Gandzia to potoczna nazwa marihuany - wysuszonych kwiatostanów konopi, które kiedy się je pali stają się używką, rodzajem substancji psychoaktywnej takiej jak tytoń czy alkohol.
W Polsce zarówno produkcja, pośrednictwo w sprzedaży, jak i samo posiadanie marihuany jest nielegalne. Za posiadanie marihuany grozi kara do trzech lat pozbawienia wolności, natomiast udzielanie marihuany innej osobie zagrożone jest karą do 10 lat pozbawienia wolności.
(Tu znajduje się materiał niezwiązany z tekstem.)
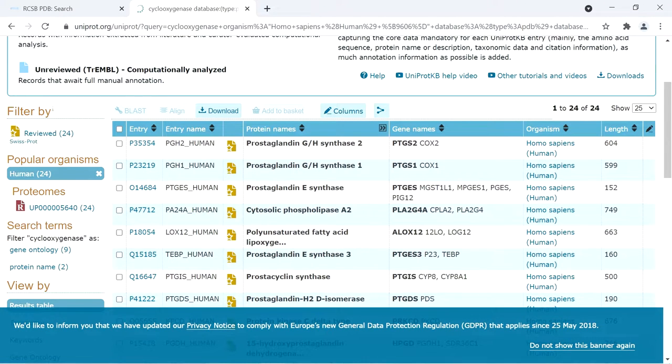We found all the human cyclooxygenase macromolecules with 3D structure available and their respective PDB IDs.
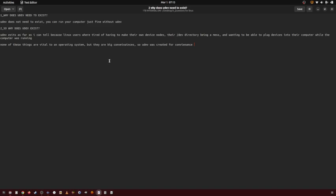And then Linux users wanting to be able to plug in devices into their computer while it's still running, aka hot plugin, which they didn't have support. And then also UDEV replaced devfs and so on and so forth.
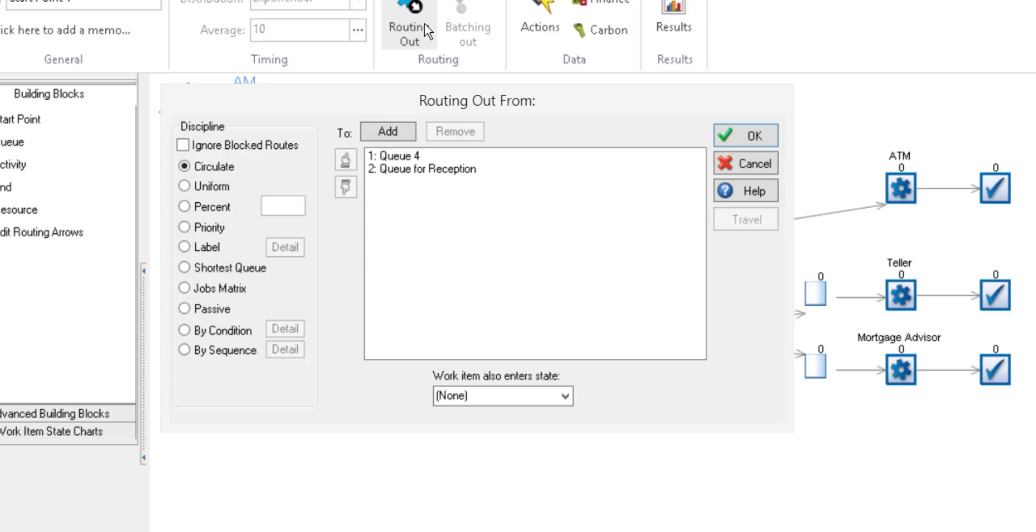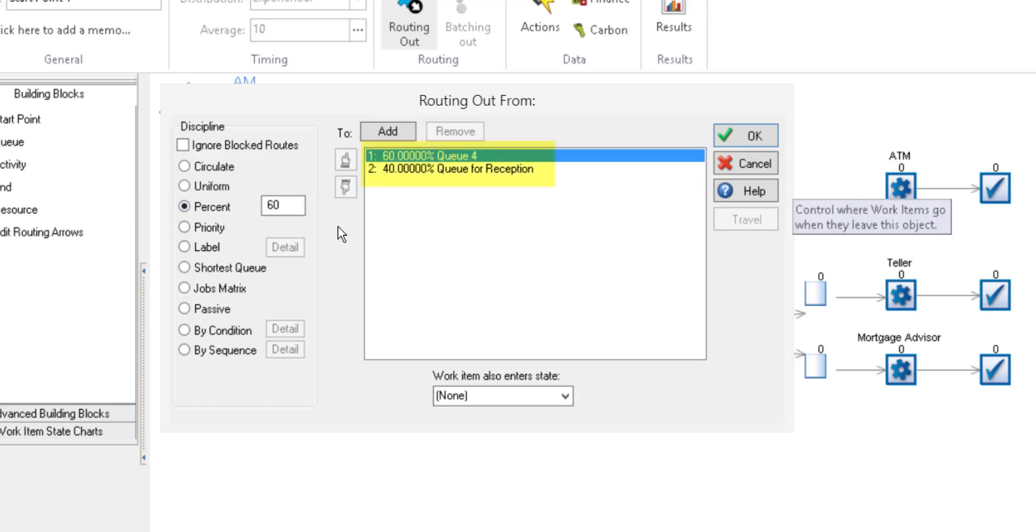Simulate allows you to choose from several routing options. For our example, we'll use routing out by percentage. 60% of customers will go straight to the ATM and 40% will go to the reception.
Zarówno działacze ruchu Wolne Konopie, jak i kandydaci Europy Plus Twój Ruch przekonują, że to bez sensu. Dlatego wykorzystują zainteresowanie mediów kampanią wyborczą i promują ideę legalizacji tej używki.
Gandziobus przyjechał do Krosna aż z Pomorza. To właśnie tam z listy Europy Plus kandyduje Maciej Kowalski, działacz ruchu Wolne Konopie. To on był pomysłodawcą Gandziobusa. - Najpierw jeździliśmy po całym województwie pomorskim, później uznaliśmy, że to dobra forma kampanii wyborczej i wyruszyliśmy w Polskę - wyjaśnia.
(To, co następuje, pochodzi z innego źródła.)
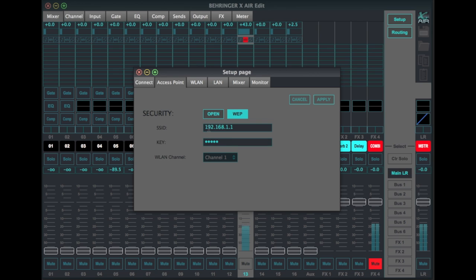So this is what people are going to see if they happen to be in your vicinity and looking for a network, and of course they cannot get into it unless they type in this password. You can name this whatever you want.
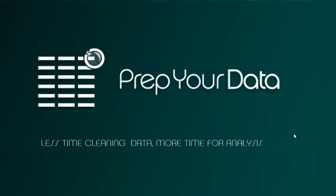Welcome to Prep Your Data. We're a startup company aimed at making it easy to clean up messy data yourself without programming or advanced Excel skills.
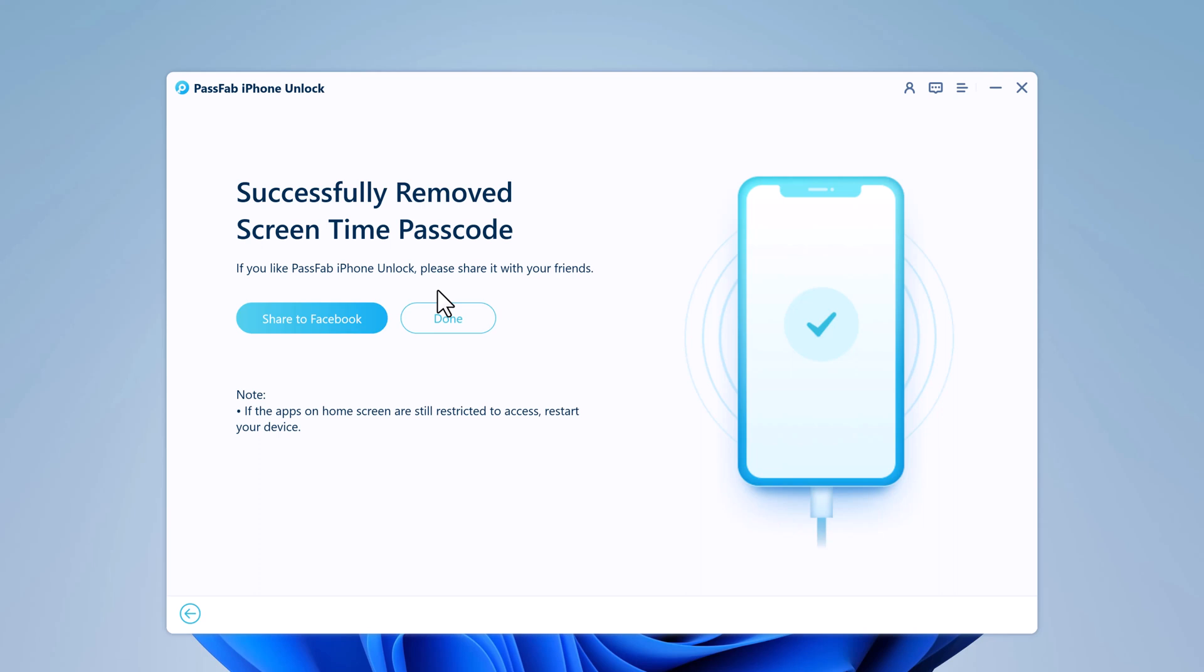So that's how you can bypass the screen time passcode on your iPhone using PassFab iPhone unlocker. The software is easy to use and can quickly remove the screen time passcode from your iPhone. The download link is available in the video description, so check it out.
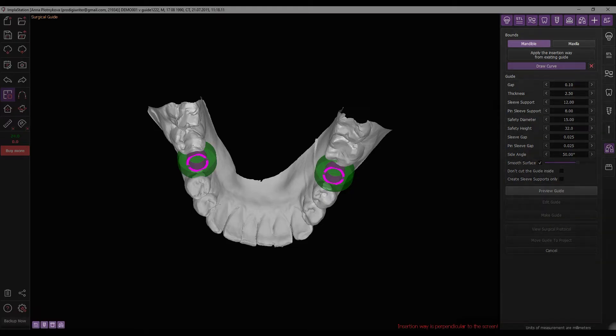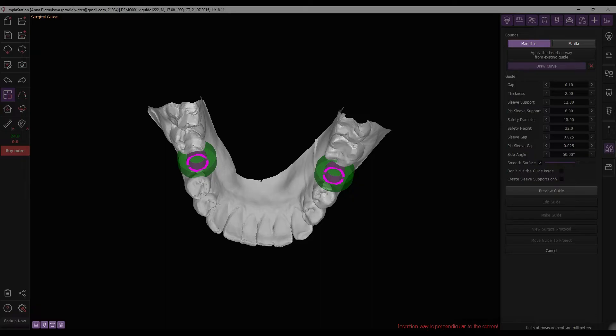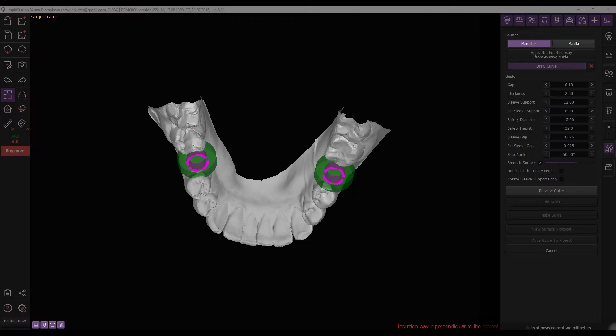First, check and, if required, correct the JAW type using the dedicated controls.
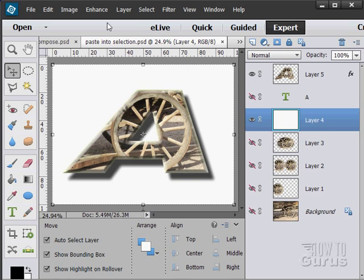In the past few videos, I've been doing some stuff with layers on the right-hand side. So let's talk a little more about layers and get a better understanding of working with layers. When you're using layers, you'll be working with the layers panel over here.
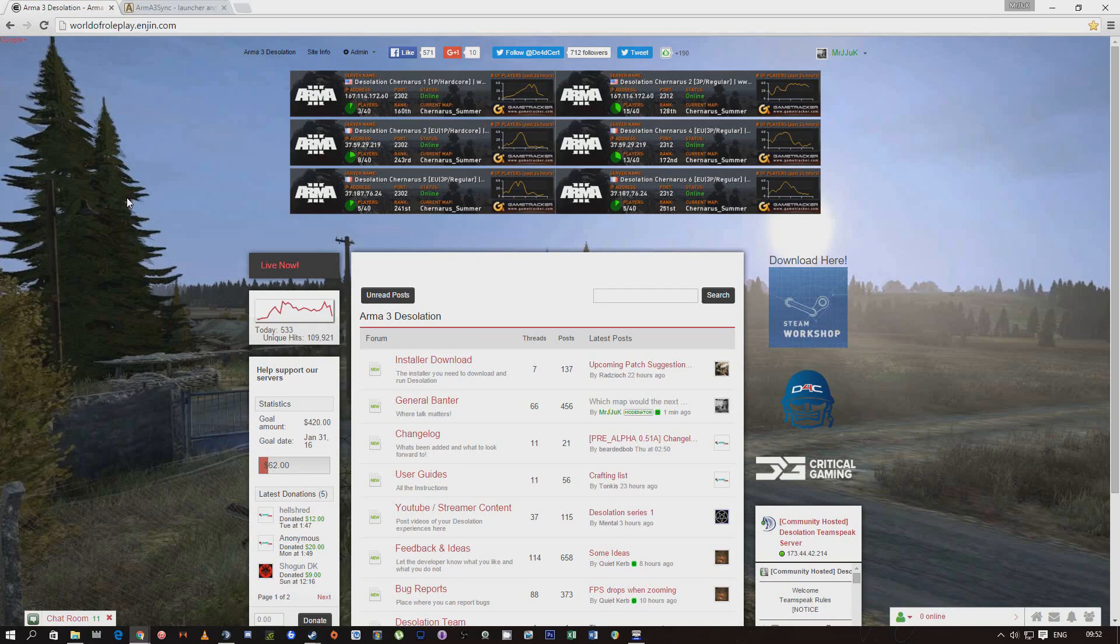Hi guys, a lot of people have been having problems downloading Arma 3 Desolation with the launcher. I'm going to show you another way how to do it.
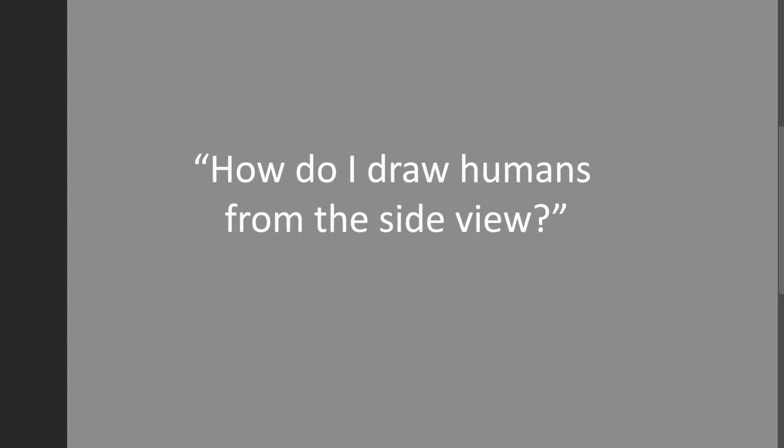All righty-tighty, so the question is, how do I draw a human from the side view?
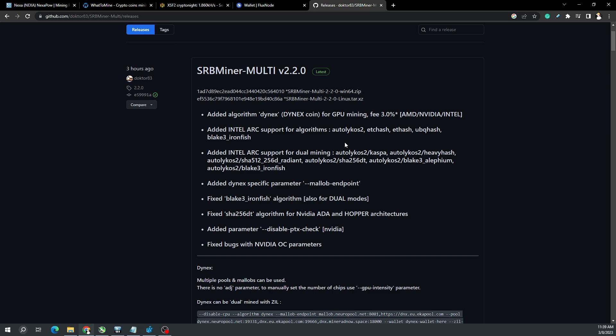Hey, what's going on everyone, Vega here for Serpenex Tech. In this video I want to talk about how AMD GPUs are able to mine Dynex finally, and SRB Multiminer 2.2 is out — we added the algorithm for Dynex.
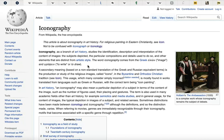Iconography, as a branch of art history, studies the identification, description, and interpretation of the content of images — the subjects depicted, the particular compositions and details used to do so, and other elements that are distinct from artistic style. The word iconography comes from the Greek for 'image' and 'to write or to draw.' They've said a lot in that small paragraph — it studies the identification, description, and interpretation of the content of images.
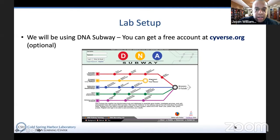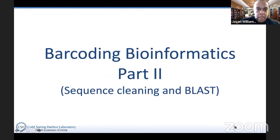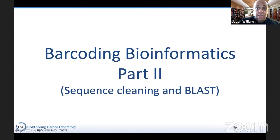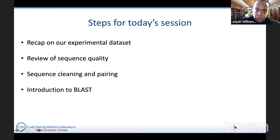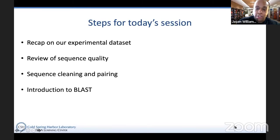You'll want to go to DNA Subway, which you can Google or go to cyverse.org. We recommend you get an account, but it's not required — if you get an account, your work will be saved, but you can also follow along using a guest account. This episode is all about sequence cleaning and BLAST. The steps we'll cover: a recap of last week, sequence quality, experimental design, sequence cleaning and pairing, and an introduction to BLAST.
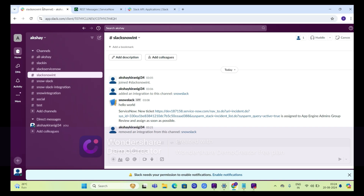Good morning. Today I will tell you about Slack ServiceNow integration. Whenever an incident is created in ServiceNow, we would notify that in our Slack channel.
Lider Gandziobusa opowiada, że podchodzą do niego ludzie w różnym wieku - od 30 do 60 roku życia. - Większość jest na "tak", czyli za legalizacją marihuany. Zdarzyło mi się raz, że nawet policjant mnie poparł. Powiedział, że policja nie powinna ganiać po ulicach za gośćmi z jointami.
O co najczęściej pytają zainteresowani? - Pytają żartobliwie, czy mamy coś do jarania (śmiech). Ale także o to, co robimy. Teraz zbieramy podpisy pod europejską inicjatywą obywatelską - chcemy, żeby Komisja Europejska doprowadziła do legalizacji marihuany w całej Europie.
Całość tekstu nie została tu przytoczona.